A recent Washington Post article says,
The federal government created the National Bison Range in 1908 by evicting tribal members from more than 18,000 acres of the Flathead Indian Reservation — ignoring century-old practices for keeping up the bison herd. Only recently has the government returned the land to the Confederated Salish and Kootenai Tribes, whose successful traditional methods for maintaining the herd are featured in a forthcoming ABC documentary, Our America: Rebirth of the Range.
Indigenous peoples around the world are also uniquely vulnerable to impacts of climate and environmental crisis due to their dependence upon, and close relationship, with the environment and its resources. They are often the first to witness disruptive effects: Native Americans confront polluted groundwater and scoured landscapes arising from oil drilling and ore mining; Alaskan natives see diminishing numbers of bears, birds and fish in the Arctic. The environmental impacts (as well as some of the proposed solutions to climate change) threaten indigenous ways of life, lands rights, future growth, and cultural survivability. Their lifeways are tied to local surroundings, making them the first environmental refugees.
“As forest defenders, Indigenous peoples are key actors in stopping the deforestation that is the greatest contributor to carbon emissions. … There is no realistic pathway to slowing climate change without stopping deforestation. Indigenous peoples know this intrinsically – the forest is life. This is true for indigenous communities in the Amazon, Mekong, and Congo regions. It’s increasingly true for everyone else.”

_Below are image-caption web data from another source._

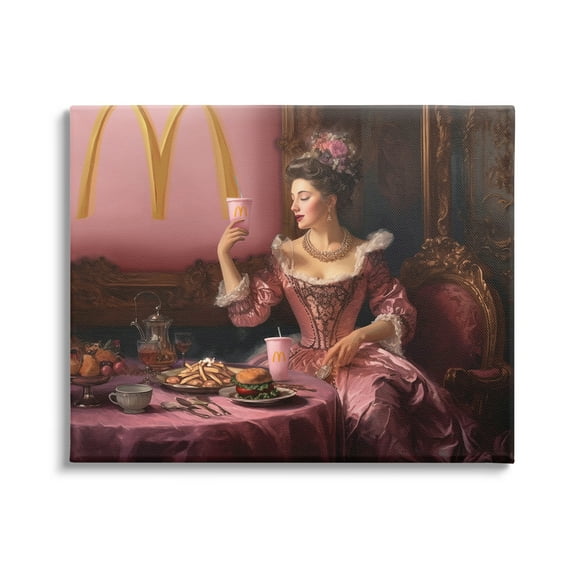Stupell Industries Funny Classic Burger Meal Food & Beverage Painting Gallery Wrapped Canvas Print Wall Art, 30 x 24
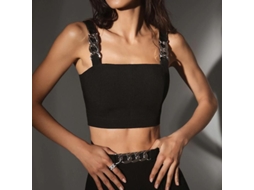 Top Crop Bikinilike com Cadeia Grossa Preta Sexy para Barriga e Ombros L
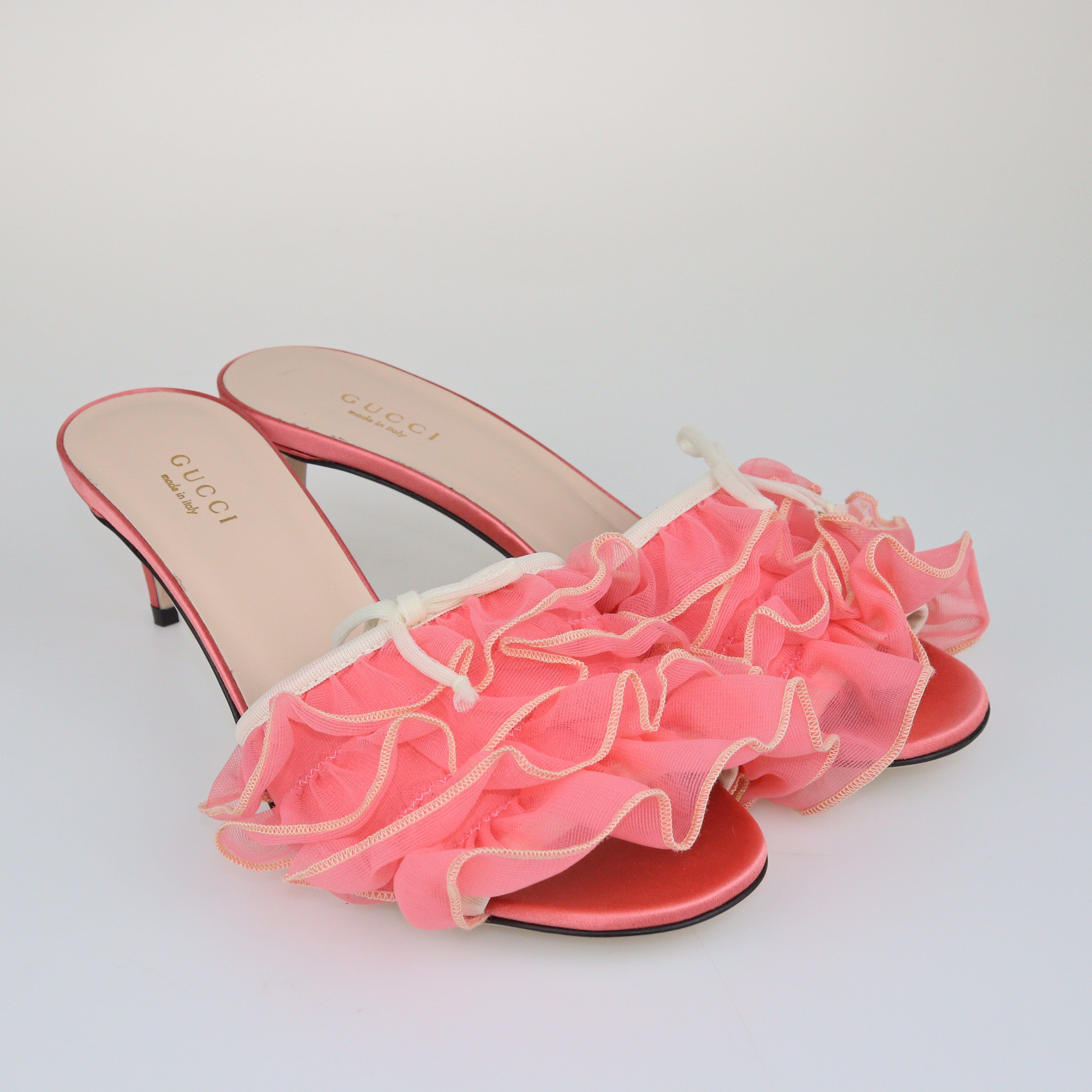 Pink Ruffle Detail Mules Shoes Gucci 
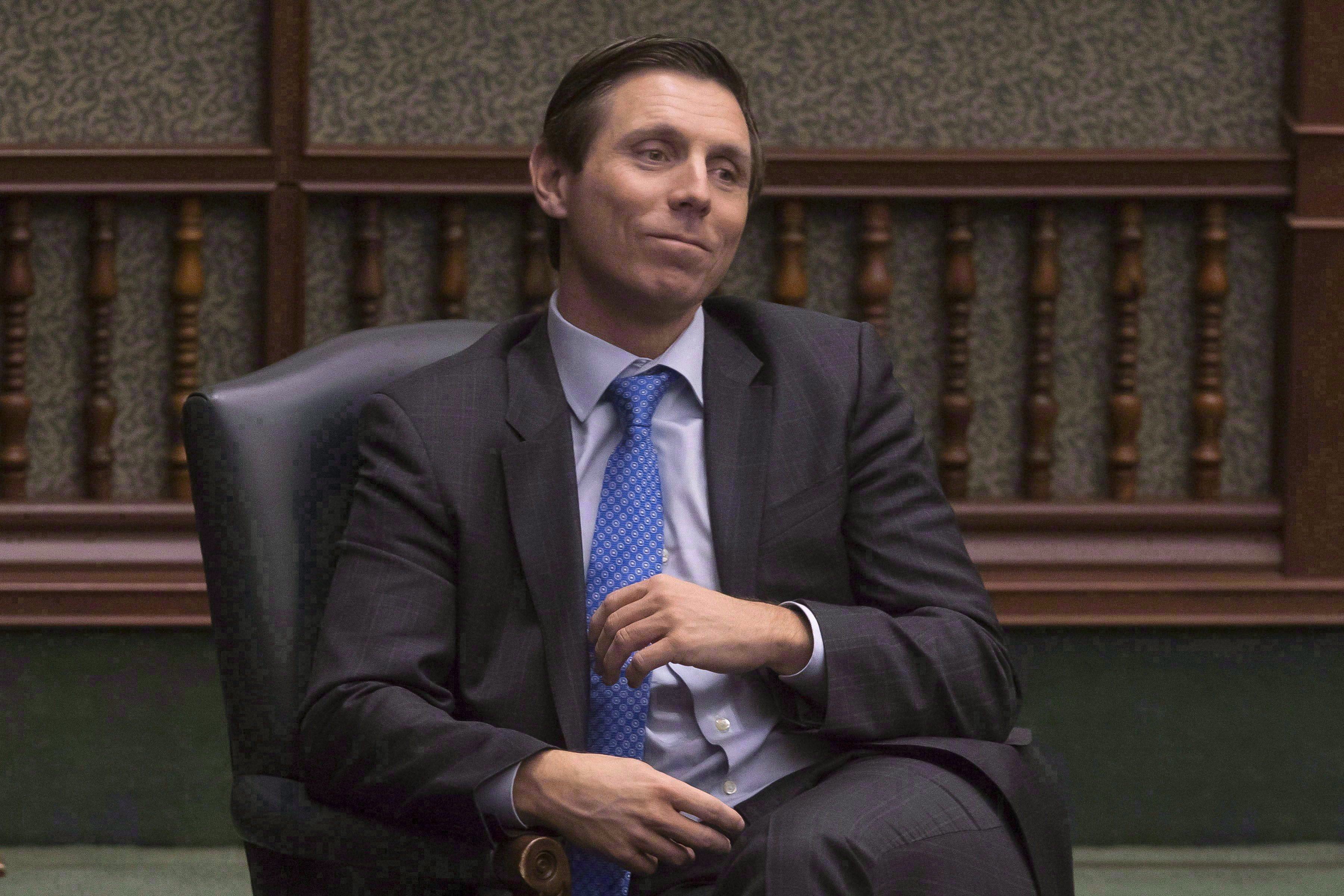 Brown sits in his chair as an Independent MPP as he listens to Provincial Finance Minister Charles Sousa deliver the Ontario Provincial Government 2018 Budget, Queens Park, Toronto, March 28, 2018. (Chris Young/The Canadian Press)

The first step in finding unity with Indigenous People is to acknowledge that they are the leaders we should follow: Countless Tribal Nations, water protectors, land defenders, and pipeline fighters, have dedicated their lives to defending the sacredness of Mother Earth. They have developed highly effective campaigns of non-violent direct action, political lobbying, multimedia, and divestment.
Specific things we can do to assist efforts by Indigenous peoples:
- First, we can support their legal challenges to proposed development on their lands.
- Second, we can help raise the political costs, with our votes, to the companies that are attempting to push destructive projects against the wishes of indigenous peoples.
- Third, we can push financiers to not put money into these kinds of projects (those that pollute, de-forest, or support the fossil fuel industry).
The Reciprocity Project is a series of 7 Indigenous-made films exploring the concept of reciprocity in Indigenous cultures, or “the way of life that centers mutual exchange and sharing amongst all beings, past, present and future, seen and unseen, and the Earth.” And through these films and Indigenous perspectives, the project aims to spark conversation and action on the climate crisis.